|Top: No flash. Bottom: Camera's built in flash used.|
I photographed my friend while enjoying the quiet of the shoreline. The sun was just off to the left of the camera; you can see how Bert's face is partly in shadow. I had my camera set to manual exposure mode, and was using a polarizer filter to help bring out the colour of the leaves and sky. I took two photographs. One without the built-in flash and one with it.
With the harsh lighting producing strong shadows, I decided to take two photographs. The first was an exposure without using fill flash, the second used the camera's built-in flash to soften the dark areas on my subject. I often will take two shots of something, a before and after picture of sorts, where I will change one camera setting between shots. It can be focal length, aperture or shutter speed, flash, or perhaps ISO. Investigating the differences afterwards helps me understand the nature of photography.
No flash was used in the top image. You can see the dark shadows present on the face, shirt, and jacket. I popped up the camera's flash for the second photo. It filled the scene nicely, rendering the face, shirt, and jacket with less shadow. Using flash in this way is called fill-flash, and it can make an enormous difference in way an image looks.
Built-in flashes are, by their very nature, weak. They often will not have enough power to properly illuminate a subject that is too far away, shot using a small aperture, or diminished because of flash or lens filtering (such as a diffuser or a polarizer filter). Even so, they often will make a small difference; enough to have a significant impact as in the situation above. I used a wide angle lens (28 mm on a full frame camera) so I was relatively close to my buddy. The aperture was as wide open as I could get it as my shutter speed was set to 1/200th of a second, the camera's flash-synch speed. These helped to make the flash somewhat viable, even though it was not quite powerful enough.
Next time you are out shooting in the sun, try popping up your flash when shooting portraits. If you are using your built-in unit, be sure to:
- pop up the flash
- use shutter priority
- set the ISO to 100 if possible
- turn the command dial to get the highest shutter speed possible (1/200 or 1/250 usually)

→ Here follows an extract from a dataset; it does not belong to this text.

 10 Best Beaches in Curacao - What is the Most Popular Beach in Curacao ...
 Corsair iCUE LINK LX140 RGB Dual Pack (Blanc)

- make sure any hat you are wearing does not push the flash down a bit as it might not actuate
- use a wide angle setting
- be sure you are modestly close to your subject (4 - 6 feet)
- try not to shoot in a strong backlit situation (sun not visible in viewfinder)
Take a couple of shots, one with and one without the flash. Then look at your images. Enlarge them to see details on faces. Was there a difference? Congratulations, you just used fill flash successfully!